URM_train, URM_test = train_test_holdout(URM_all, train_perc = 0.8)

### MF Computing prediction

### In a MF model you have two matrices, one with a row per user and the other with a column per item. The other dimension, columns for the first one and rows for the second one is called latent factors

In [2]:
num_factors = 10

n_users, n_items = URM_train.shape

In [3]:
import numpy as np

user_factors = np.random.random((n_users, num_factors))

item_factors = np.random.random((n_items, num_factors))

### To compute the prediction we have to muliply the user factors to the item factors

In [4]:
item_index = 15
user_index = 42

prediction = np.dot(user_factors[user_index,:], item_factors[item_index,:])

print("Prediction is {:.2f}".format(prediction))

Prediction is 1.74


# Train a MF MSE model

### Use SGD as we saw for SLIM

In [5]:
test_data = 5
learning_rate = 1e-2
regularization = 1e-3

gradient = test_data - prediction

print("Prediction error is {:.2f}".format(gradient))

Prediction error is 3.26


In [6]:
# Copy original value to avoid messing up the updates
H_i = item_factors[item_index,:]
W_u = user_factors[user_index,:]

user_factors[user_index,:] += learning_rate * (gradient * H_i - regularization * W_u)
item_factors[item_index,:] += learning_rate * (gradient * W_u - regularization * H_i)


In [7]:
prediction = np.dot(user_factors[user_index,:], item_factors[item_index,:])

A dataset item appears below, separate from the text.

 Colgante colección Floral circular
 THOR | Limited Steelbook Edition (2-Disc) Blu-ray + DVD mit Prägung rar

print("Prediction after the update is {:.2f}".format(prediction))
print("Prediction error is {:.2f}".format(test_data - prediction))

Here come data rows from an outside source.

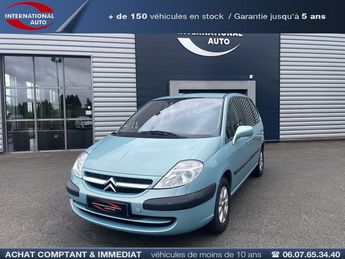  Voir détails -Citroen C8 2.2 HDI130 EXCLUSIVE 5PL à Auneau (28)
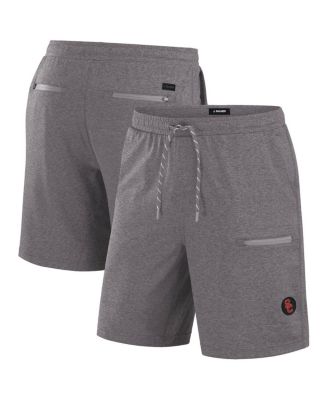 J. Palmer - Men's Graphite USC Trojans Home Game Shorts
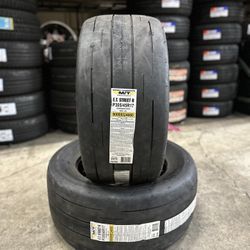 New 305/45R17 Mickey Thompson ET Street R Drag Radial Tires For Sale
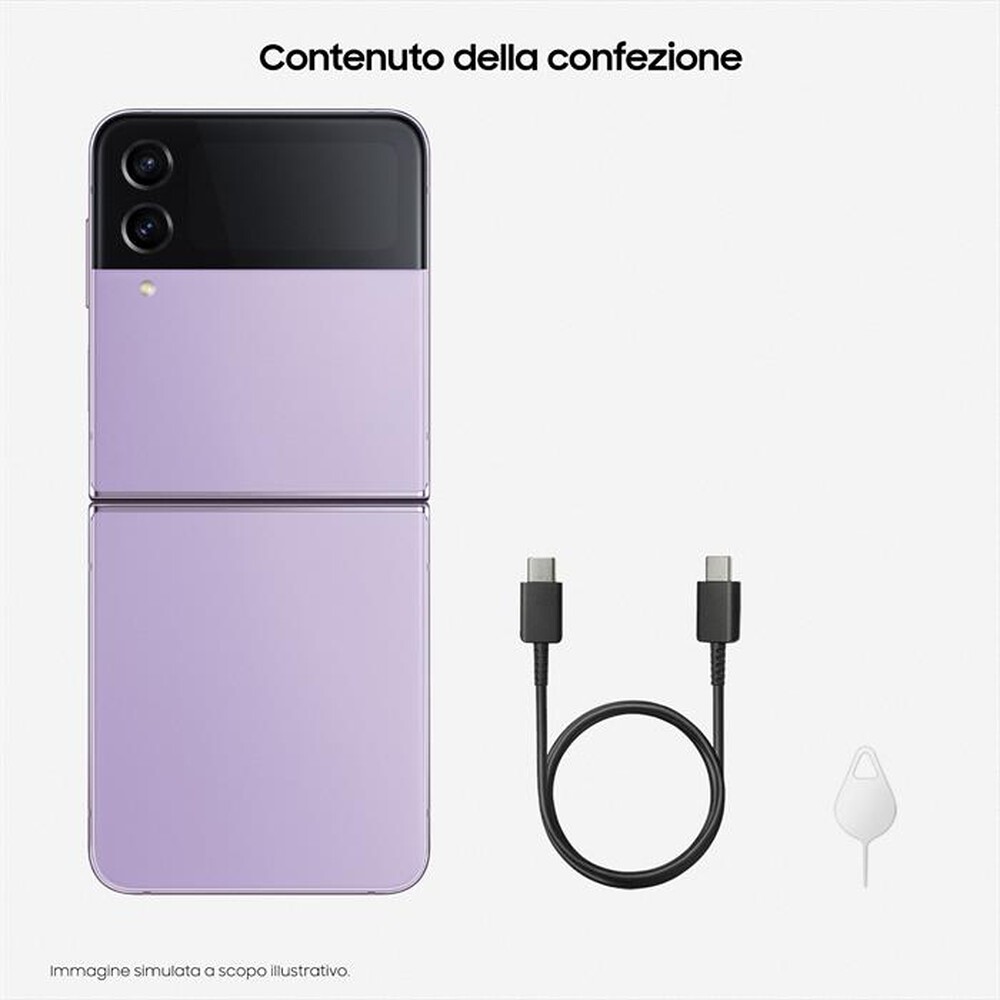 Immagine del prodotto SAMSUNG - Galaxy Z Flip4 512GB-Bora Purple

Prediction after the update is 1.93
Prediction error is 3.07


### WARNING: Initialization must be done with random non-zero values ... otherwise

In [8]:
user_factors = np.zeros((n_users, num_factors))

item_factors = np.zeros((n_items, num_factors))

In [9]:
prediction = np.dot(user_factors[user_index,:], item_factors[item_index,:])

print("Prediction is {:.2f}".format(prediction))

gradient = test_data - prediction

print("Prediction error is {:.2f}".format(gradient))

Prediction is 0.00
Prediction error is 5.00


In [10]:
H_i = item_factors[item_index,:]
W_u = user_factors[user_index,:]

user_factors[user_index,:] += learning_rate * (gradient * H_i - regularization * W_u)
item_factors[item_index,:] += learning_rate * (gradient * W_u - regularization * H_i)


In [11]:
prediction = np.dot(user_factors[user_index,:], item_factors[item_index,:])

print("Prediction after the update is {:.2f}".format(prediction))
print("Prediction error is {:.2f}".format(test_data - prediction))

Prediction after the update is 0.00
Prediction error is 5.00


### Since the updates multiply the gradient and the latent factors, if those are zero the SGD will never be able to move from that point

# Train a MF BPR model

## The basics are the same, except for how we compute the gradient, we have to sample a triplet

In [12]:
URM_mask = URM_train.copy()
URM_mask.data[URM_mask.data <= 3] = 0

URM_mask.eliminate_zeros()

# Extract users having at least one interaction to choose from
eligibleUsers = []

for user_id in range(n_users):

    start_pos = URM_mask.indptr[user_id]
    end_pos = URM_mask.indptr[user_id+1]

    if len(URM_mask.indices[start_pos:end_pos]) > 0:
        eligibleUsers.append(user_id)
                
                

def sampleTriplet():
    
    # By randomly selecting a user in this way we could end up 
    # with a user with no interactions
    #user_id = np.random.randint(0, n_users)
    
    user_id = np.random.choice(eligibleUsers)
    
    # Get user seen items and choose one
    userSeenItems = URM_mask[user_id,:].indices
    pos_item_id = np.random.choice(userSeenItems)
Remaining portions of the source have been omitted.